Creating an MP3 search engine

mnoGoSearch has a built-in parser for MP3 files. It can extract the Album, the Artist, the Song as well as the Year MP3 tags from an MP3 file. You can create a full-featured MP3 search engine using mnoGoSearch.

MP3 indexer.conf commands

To activate indexing of MP3 tags, you can use the CheckMP3 and CheckMP3Only commands into indexer.conf, as well as activate processing of MP3 sections (they are disabled by default). This is an example of an indexer.conf file with MP3 related commands:


Section MP3.Song               21    128
Section MP3.Album              22    128
Section MP3.Artist             23    128
Section MP3.Year               24    128
CheckMP3 *.mp3
Hrefonly *
With the above configuration, indexer will check all *.mp3 files for MP3 tags, and will collect new links from other file types without indexing.

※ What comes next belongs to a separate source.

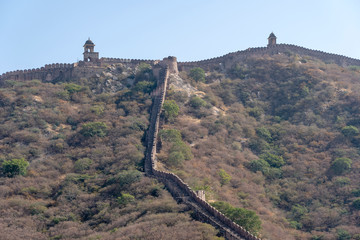 Wall Mural - The long wall on the mountain of Amber fort in historical city of Amer, Jaipur, Rajasthan, India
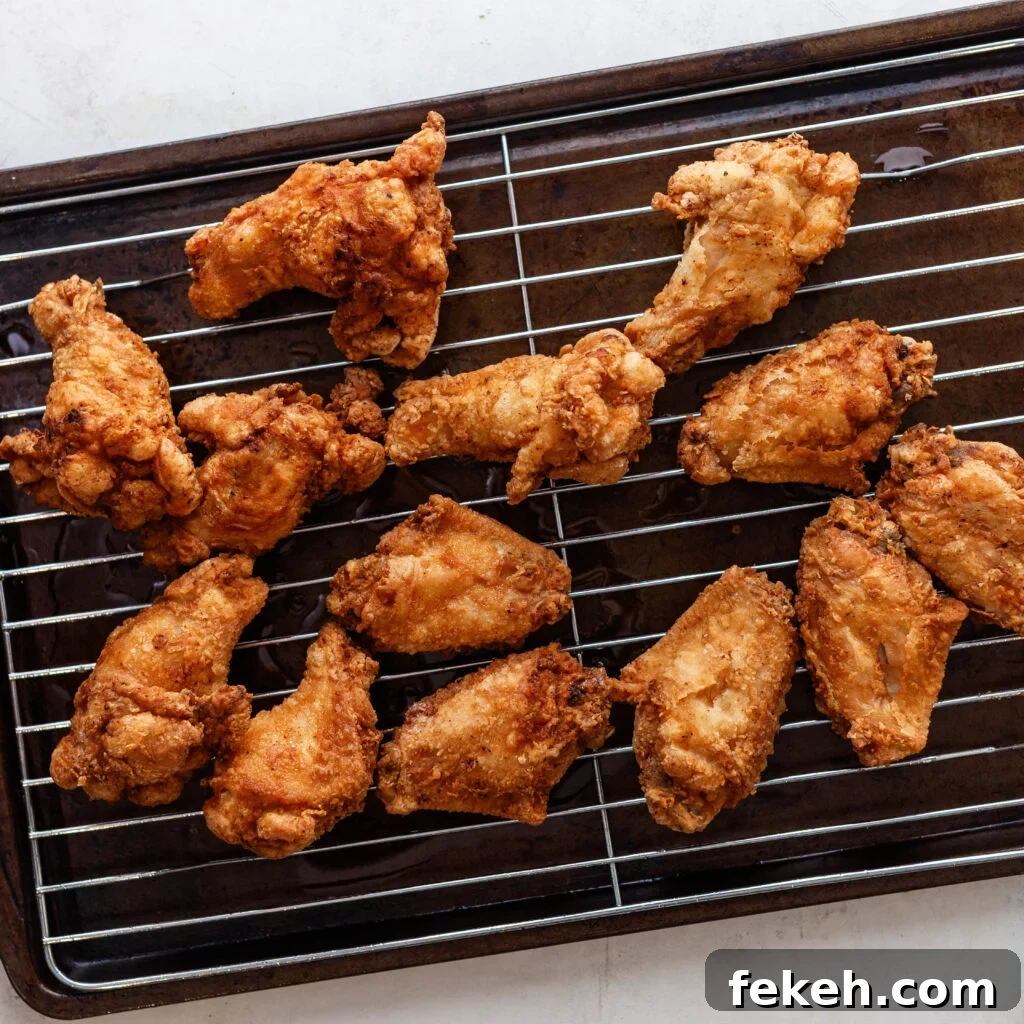 Crispy Southern Fried Chicken Wings Recipe for Perfect Crunch 9 southern fried chicken wings on a wire rack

When you use the CheckMP3 command, indexer downloads only 128 bytes from the files with the given extension(s) to detect and parse MP3 tags.

Note: indexer downloads MP3 files efficiently from FTP servers, as well as from HTTP servers supporting HTTP/1.1 protocol with the Range request header, to request partial content. Old HTTP servers not supporting the Range HTTP header may not work well together with mnoGoSearch.

Restricting search to a certain MP3 section

If you want to restrict searches by Author, Album, Song or Year, you can use the standard mnoGoSearch ways to restrict searches described in the Section called Changing weights of the different document parts at search time in Chapter 10 and the Section called Restricting search words to a section in Chapter 10. For example, if you want to restrict search by song and author name, you use the standard mnoGoSearch way to specify sections: Song: help Author:Beatles.

With the default sections given in indexer.conf-dist, you may find useful to add this HTML form element into search.htm to restrict search area:


Search in:
<SELECT NAME="wf">
  <OPTION VALUE="111100000000000000000000" SELECTED="$(wf)">All MP3 sections</OPTION>
  <OPTION VALUE="000100000000000000000000" SELECTED="$(wf)">MP3 Song name</OPTION>
  <OPTION VALUE="001000000000000000000000" SELECTED="$(wf)">MP3 Album</OPTION>
  <OPTION VALUE="010000000000000000000000" SELECTED="$(wf)">MP3 Artist</OPTION>
  <OPTION VALUE="100000000000000000000000" SELECTED="$(wf)">MP3 Year</OPTION>
</SELECT>

Indexing SQL tables (htdb:/ virtual URL scheme)

mnoGoSearch can index SQL tables with long text columns with help of so called htdb:/ virtual URL scheme.

Using the htdb:/ virtual scheme, you can build a full-text index for your SQL tables as well as index your database driven Web servers.

Note: You have to have a PRIMARY KEY or an UNIQUE INDEX on the table you want to index with HTDB.

HTDB indexer.conf commands

HTDB is implemented using the following indexer.conf commands: HTDBAddr, HTDBList, HTDBLimit, HTDBDoc.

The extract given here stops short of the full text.